I grew up on elk and mule deer. Dad would usually get one elk and two deer every year in the 50s and 60s. In fact, when we did have beef, it tasted greasy.

Elk is better than mule deer, but like others have said, it's marginal. That said, the best big game I ever had was a pronghorn I shot in the head at 300 yards. He never knew what hit him and we had him dressed, skinned and washed out with cold water within the hour.

Dad shot a six point bull elk in 1971 that weighed an honest 1000 pounds. It was all my brother and I could do to drag one front quarter over the snow, and we were both in our early twenties at the time. That meat was so tough we ended up grinding the whole thing into hamburger. Even the hamburger was like chewing a mouthful of rubber balls. OTOH, I shot a two year old dry cow a few years later, and the meat was like veal.
 
OTOH, I shot a two year old dry cow a few years later, and the meat was like veal.

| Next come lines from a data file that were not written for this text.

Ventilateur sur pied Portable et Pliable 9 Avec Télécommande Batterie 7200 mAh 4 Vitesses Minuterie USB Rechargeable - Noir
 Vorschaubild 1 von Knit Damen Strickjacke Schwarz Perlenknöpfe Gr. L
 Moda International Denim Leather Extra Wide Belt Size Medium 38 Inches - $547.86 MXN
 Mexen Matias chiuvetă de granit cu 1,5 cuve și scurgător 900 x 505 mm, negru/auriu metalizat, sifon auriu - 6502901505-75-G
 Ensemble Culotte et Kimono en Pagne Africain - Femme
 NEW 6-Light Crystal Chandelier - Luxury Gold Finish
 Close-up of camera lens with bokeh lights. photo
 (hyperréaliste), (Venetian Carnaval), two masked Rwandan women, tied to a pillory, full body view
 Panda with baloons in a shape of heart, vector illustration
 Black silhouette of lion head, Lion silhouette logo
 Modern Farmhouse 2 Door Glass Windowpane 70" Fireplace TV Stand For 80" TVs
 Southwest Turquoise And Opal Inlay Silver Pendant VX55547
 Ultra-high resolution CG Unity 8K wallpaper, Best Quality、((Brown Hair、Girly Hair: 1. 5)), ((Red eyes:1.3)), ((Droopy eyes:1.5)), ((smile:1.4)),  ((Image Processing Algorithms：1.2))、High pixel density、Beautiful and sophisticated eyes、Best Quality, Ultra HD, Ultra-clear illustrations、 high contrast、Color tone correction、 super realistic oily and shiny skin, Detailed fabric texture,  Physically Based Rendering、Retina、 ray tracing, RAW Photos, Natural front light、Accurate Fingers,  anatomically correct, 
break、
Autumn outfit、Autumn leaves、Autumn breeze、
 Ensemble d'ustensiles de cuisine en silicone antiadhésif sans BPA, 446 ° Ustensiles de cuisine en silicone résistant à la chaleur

Those are the elk that I try and shoot every year if I have a cow tag. I've had some bulls that were simply rank..
 
A big old trophy bull may indeed be gamey--especially close to the rut. Never had a bad elk, but I have never eaten a 'trophy'.

Antelope can smell pretty awful when you dress them out but wow do they taste good.

Deer are browsers more so than elk and pronghorn (that eat primamrily grass) they can be 'flavored' by their environment.
 
Well actually there are three species of elk in North America, Rocky Mountain Elk, Tule Elk and the Roosevelt Elk.
Fair enough, but the fact remains that there used to be another one that was hunted to extinction because of a preference for the meat.
 
I guess to be really fair about this youd have to compare year old does from each that were exposed to the best feed. Problem is that doesnt happen. Its probably why i can take or leave elk. All the elk ive ate has been from trophy bulls. Now if i had to compare the meat from trophy bulls id take caribou hands down over any of it.
 
Where I hunt, the whitetail is terrific. They live off of corn, soybeans and berries for the most part as it is agricultural land with lowland woods. The mule deer I've tasted for further west of us was not near as good, but they lived off of grass. Other Mule deer I've had was almost as good as the whitetail I hunt, but it was taken by a friend in Colorado just outside of town and had lived off of neighborhood gardens.

It really does depend on what they eat.

As for elk, I've only had commercially raised elk, and it was incredibly good.
 
I've had lots of all three and they tend to vary for some reason, diet perhaps.
How they are shot and cared for matters also as already stated.
That said a young (cow or spike) elk or a cropland whitetail are hard to beat, but my all time favorite was a smaller 4 point bottomland muley buck shot just before rut. It was just fantastic.